Our results go against conventional thinking that the recent increase in atmospheric methane must be caused by increased emissions from natural gas, oil, and coal production. Our analysis of methane’s isotopic composition clearly points to increased emissions from microbial sources, such as wetlands or agriculture.

Euan Nisbet, University of London

Methane Growth Rate Doubles

Professor Nisbet says “Atmospheric methane is one of the most potent greenhouses gases. Methane increased through most of the 20th century, driven largely by leaks from the gas and coal industries.”

He continued, “At the beginning of this century it appeared that the amount of methane in the air was stabilising, but since 2007 the levels of methane have started growing again. The year 2014 was extreme, with the growth rate doubling, and large increases seen across the globe.”

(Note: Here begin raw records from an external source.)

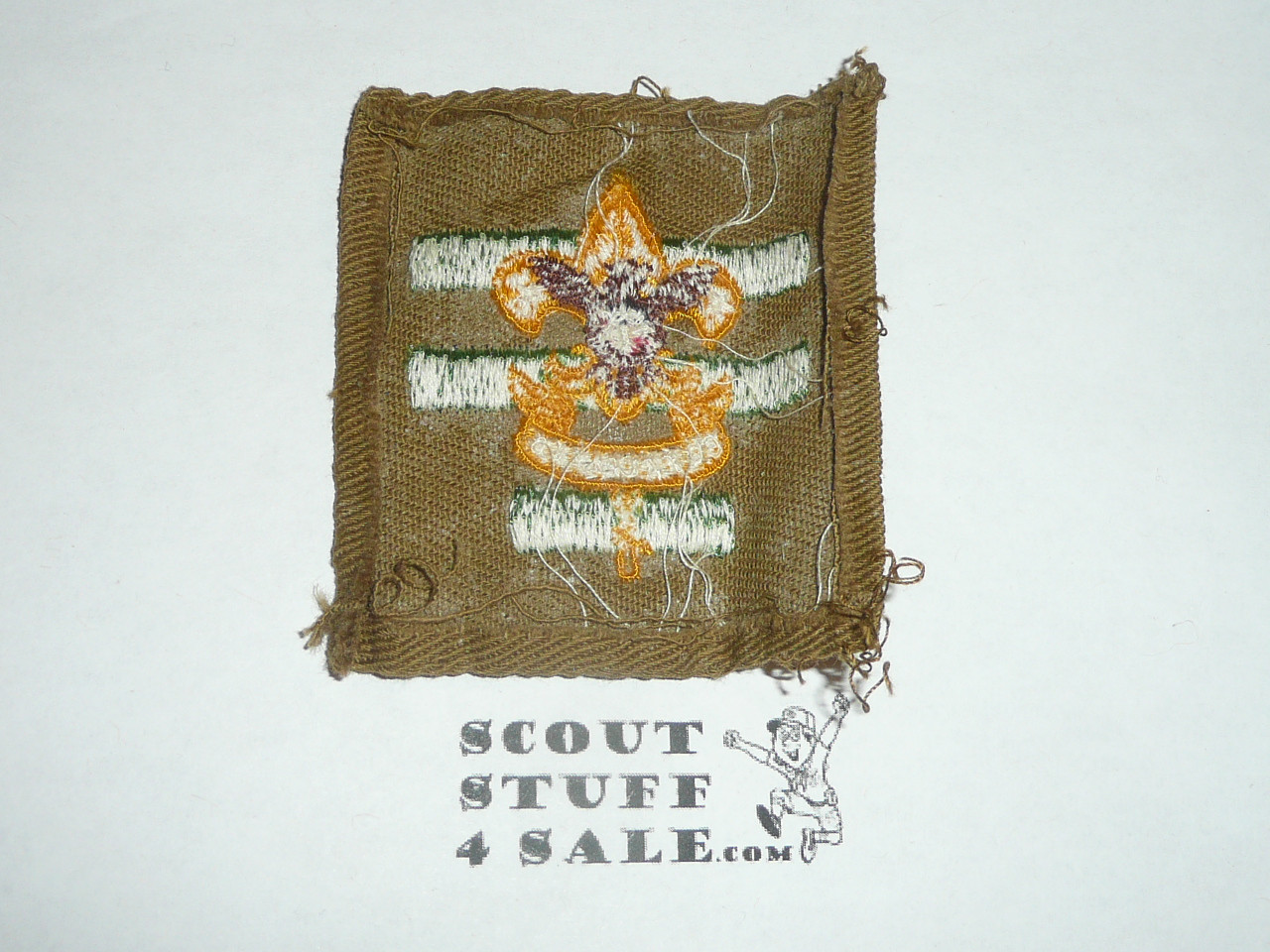 Senior Patrol Leader Patch - 1936 - 1942 - Tall Crown Tan Cloth (S3) - sewn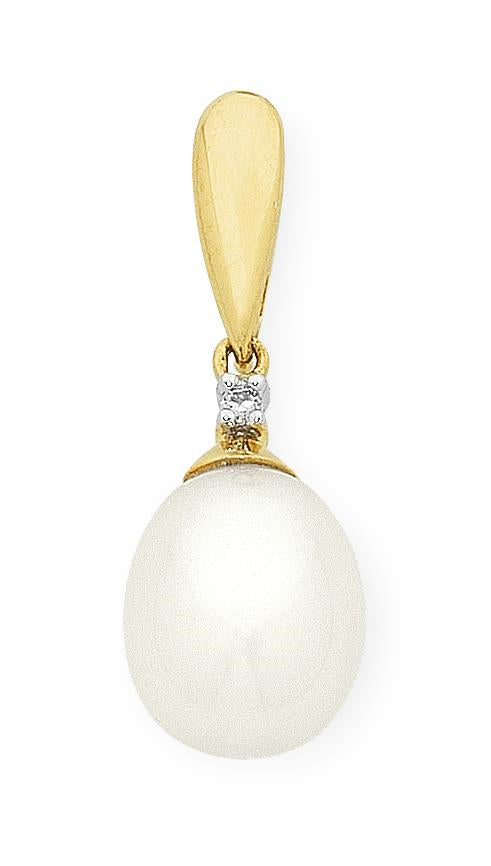 9ct Yellow Gold Freshwater Pearl & Diamond Pendant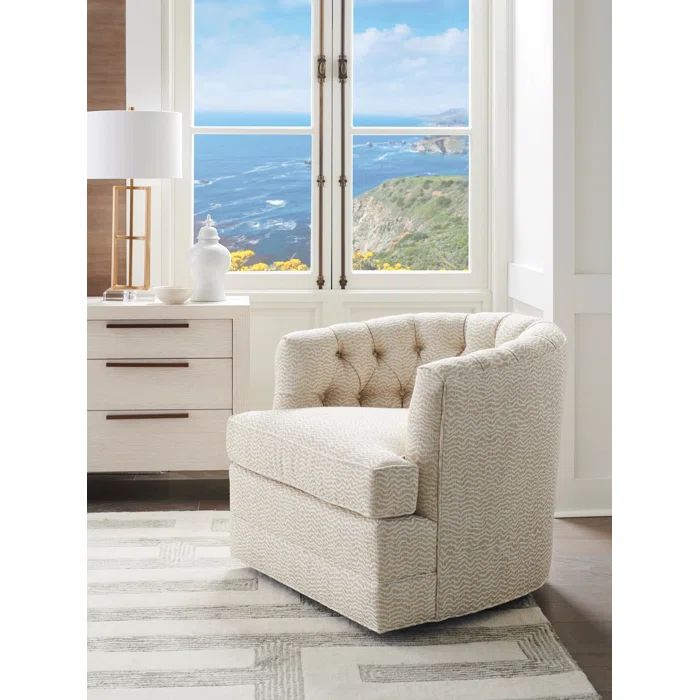 Cream Swivel Barrel Chair with Elegant Wood Accents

Tropics Identified as Key Source

In recent years, the rise in methane has been mainly driven by sharp rises in the tropics, due to the changes in weather patterns. It could be possible that the natural processes used to eliminate methane from the atmosphere have slowed, however, there has been an increase in methane emission, particularly from the hot wet tropics.

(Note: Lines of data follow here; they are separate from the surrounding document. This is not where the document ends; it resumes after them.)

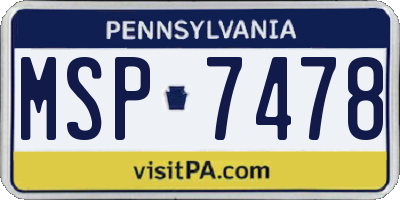 PA license plate MSP7478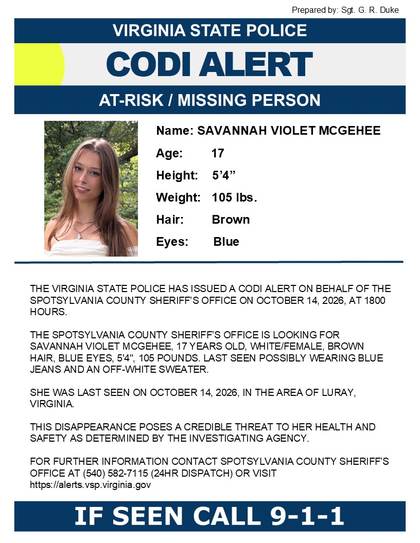 Missing person flyer for Savannah Violet McGehee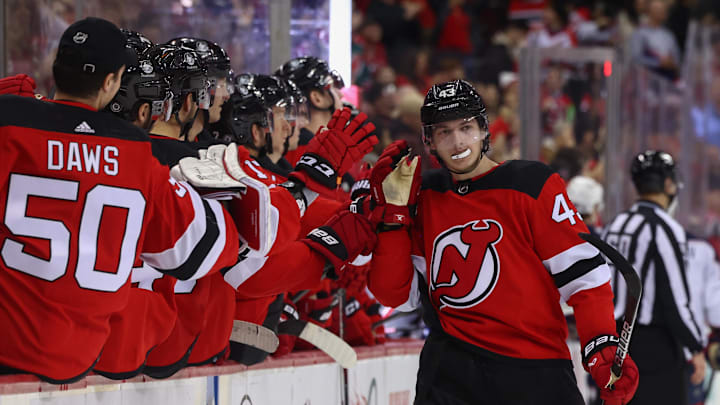 Dec 27, 2023; Newark, New Jersey, USA; New Jersey Devils defenseman Luke Hughes (43) celebrates his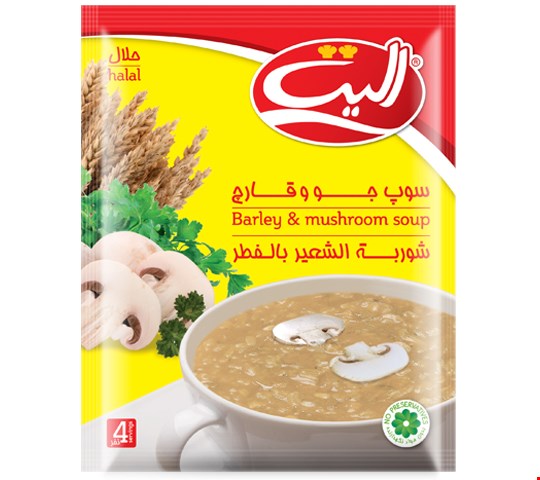 سوپ جو و قارچ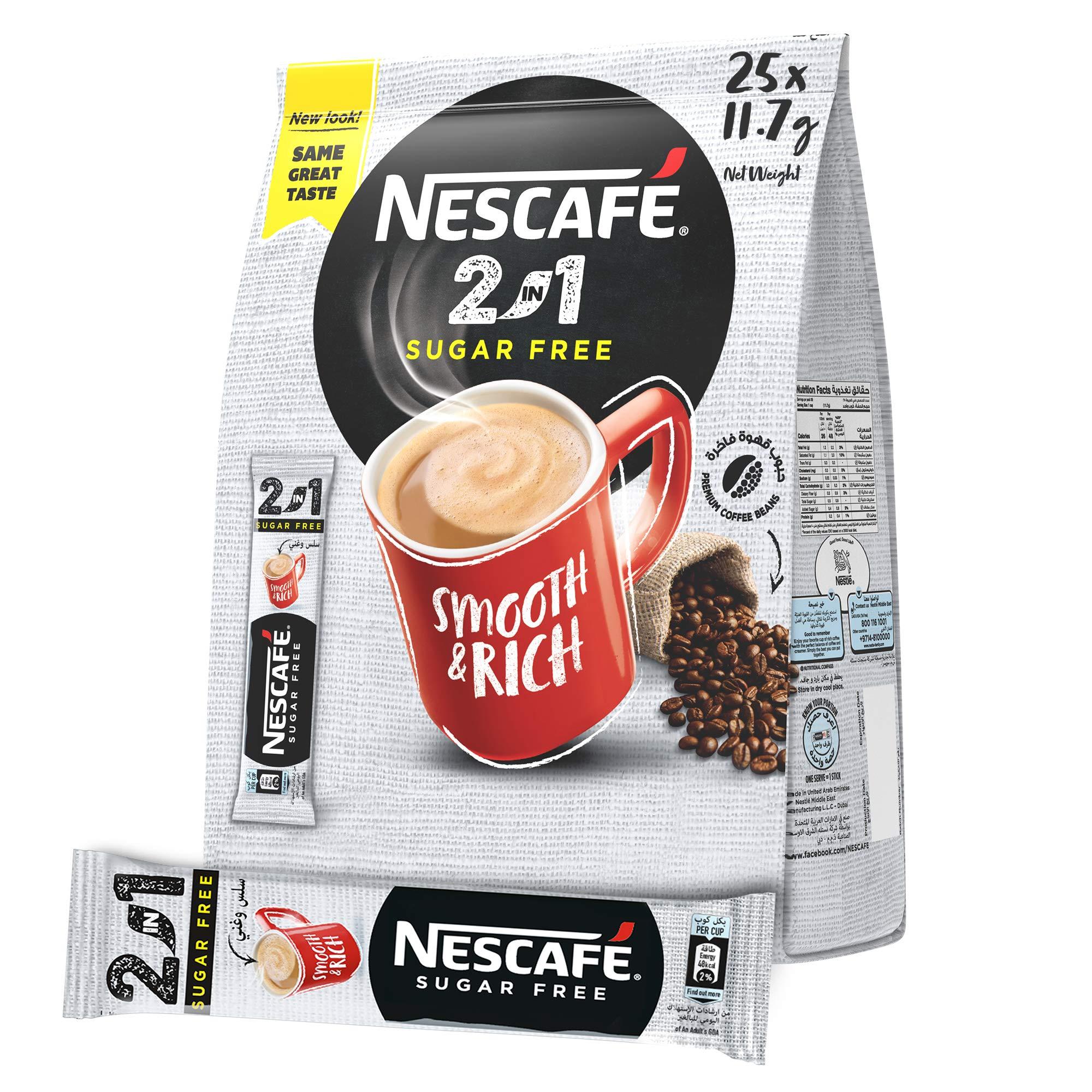 Nescafé Nescafe Sugar-Free 2 In 1 (25 Sticks) Pouch, 292.5 Gm, Coffee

Professor Nisbet and his collaborators, along with the US The National Oceanic and Atmospheric Administration (NOAA), have been examining samples as well as measurements of air taken from different places like Ascension, a UK territory in the South Atlantic; Cape Point in South Africa; and Alert in the Canadian Arctic.

International Collaboration Leads to New Conclusions

An international team of atmospheric researchers, led by Euan Nisbet from Royal Holloway, University of London, carried out the research. Ed Dlugokencky, from the NOAA, Martin Manning from Victoria University, Wellington, New Zealand and a team from the University of Colorado’s Institute of Arctic and Alpine Research, headed by Jim White, have been working with collaborators from the UK, South Africa, Canada, and France.